Cold & Flu End User Rebates

Schools, office buildings and any place where large groups of people gather indoors are ripe for spreading cold and flu germs. These facilities need to be cleaned well, especially as the weather turns colder and this means stepping up the usual cleaning regimen to fight the germs and bacteria before they wreak their havoc.  An area that is usually cleaned once a day on a usual basis, should be cleaned at least twice a day during cold and flu season.

Cleaning and disinfecting are part of a broad approach to preventing infectious diseases in schools and public buildings. It means increasing the frequency of cleaning and disinfecting high-touch areas and cleaning crews should be trained to follow the directions for the cleaning agents they use to ensure they’re used safely and effectively.

Know the difference between cleaning, disinfecting, and sanitizing: Cleaning removes germs, dirt and impurities from surfaces or objects. Cleaning works by using soap or detergent and water to physically remove germs from surfaces. This process does not necessarily kill germs, but by removing them, it lowers their numbers and the risk of spreading infection. Disinfecting kills germs on surfaces or objects by using chemicals. This process does not necessarily clean dirty surfaces or remove germs, but by killing germs on a surface after cleaning, it can lower the risk of spreading infection.  Sanitizing lowers the number of germs on surfaces or objects to a safe level, as judged by public health standards or requirements.

Clean and disinfect surfaces and objects that are touched often: Typically, this means daily cleaning, disinfecting and sanitizing surfaces and objects that are touched often, such as desks, countertops, doorknobs, computer keyboards, hands-on learning items, faucet handles, phones and toys. Standard procedures often call for disinfecting specific areas of the school or public building, like bathrooms, locker rooms or kitchens.

Simply do routine cleaning and disinfecting:  Cleaning and disinfecting actions should match the types of germs you want to remove or kill.  Studies show that the flu virus can live and potentially infect a person for up to 48 hours after being deposited on a surface.  Standard cleaning and disinfecting practices are sufficient to remove or kill them.

Clean and disinfect correctly: Follow label directions for all cleaning products and disinfectants. Start by washing surfaces with a general cleaner to remove germs. Rinse with water and follow with an EPA-registered disinfectant to kill germs. Read the label to make sure it states that EPA has approved the product for effectiveness against influenza A virus.

If a surface is not visibly dirty, you can clean it with an EPA-registered product that both cleans (removes germs) and disinfects (kills germs) instead. Be sure to read the label directions carefully, as there may be a separate procedure for using the product as a cleaner or as a disinfectant. Disinfection usually requires the product to remain on the surface for a certain period of time, such as letting it stand for 3 to 5 minutes.

Use disinfecting wipes, such as the Clorox Healthcare Cleaner Disinfectant Wipe, on electronic items that are touched often, such as phones and computers. Pay close attention to the directions for using disinfecting wipes. It may be necessary to use more than one wipe to keep the surface wet for the stated length of contact time. Make sure the electronics can withstand the use of liquids for cleaning and disinfecting.

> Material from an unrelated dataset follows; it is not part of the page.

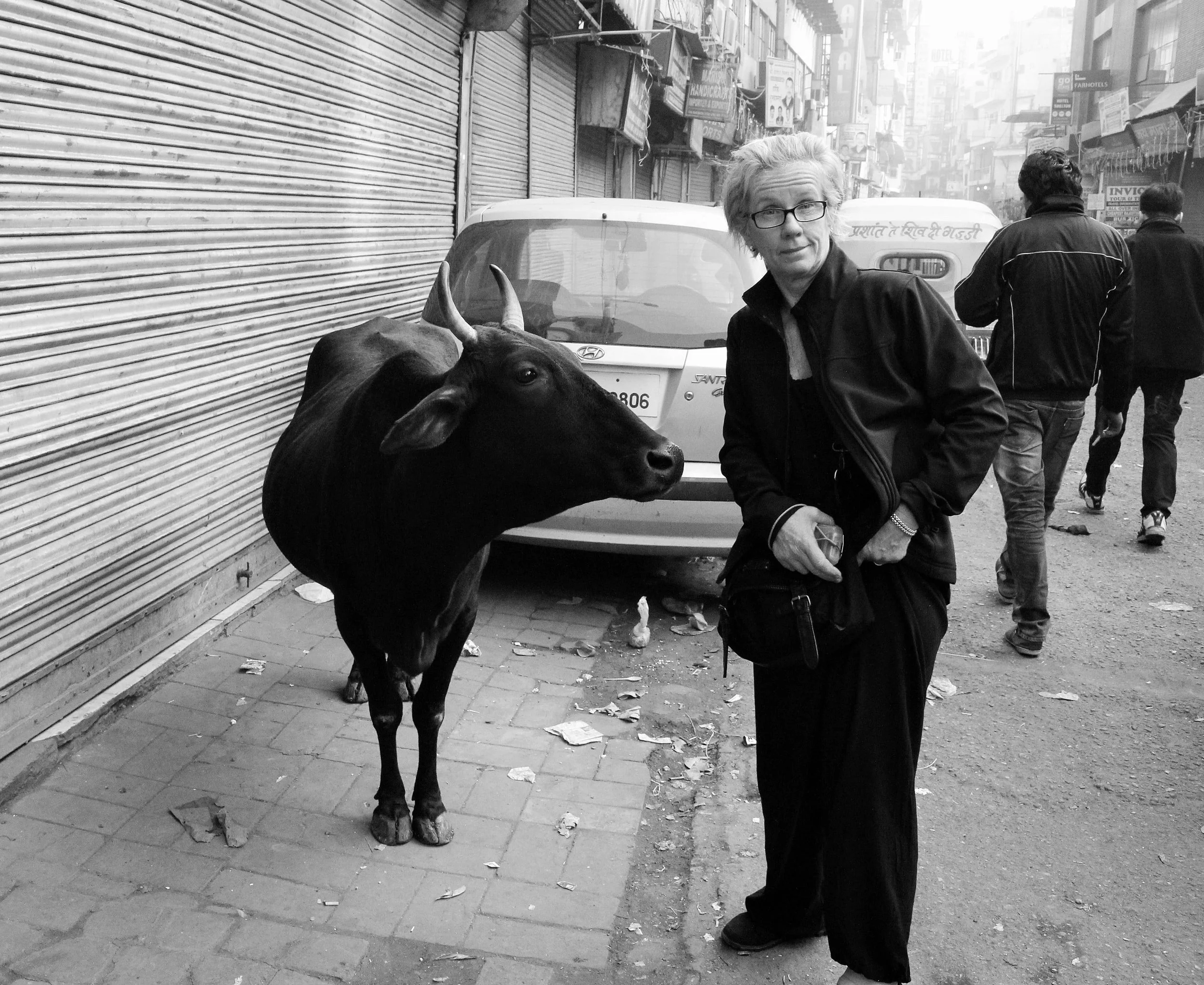 woman stands on road with cow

Educate Students & Employees on Hygienic Practices: During flu season it is vital that students and employees are made aware of how to avoid the flu virus.  This comes through promoting the importance of hygienic practices, such as routine washing of hands.  Posters should be displayed on proper hand washing techniques in bathrooms for all to see.  Staff should be advised to wipe down their workstations, telephones, door handles and any other surfaces that could be a hot spot for germs.

Maintain a Sanitized and Stocked Office:  When the flu hits, stock the school or public building with the necessary hygienic supplies such as hand sanitizer, disinfectant wipes, tissues and antibacterial soap to combat the spread of germs.  More frequent cleanings of highly trafficked areas like bathrooms, kitchens or break rooms, dining areas, locker rooms, door handles and desks will also lessen the risk of exposure.

Handle waste properly:  No-touch waste baskets should be placed where they are easy to use.  Promote that disposable items are to be thrown into the trash immediately after use.  Empty waste baskets daily, or more often as needed.

Follow these simple guidelines and cut down on the spread of flu and illness in our schools and public buildings.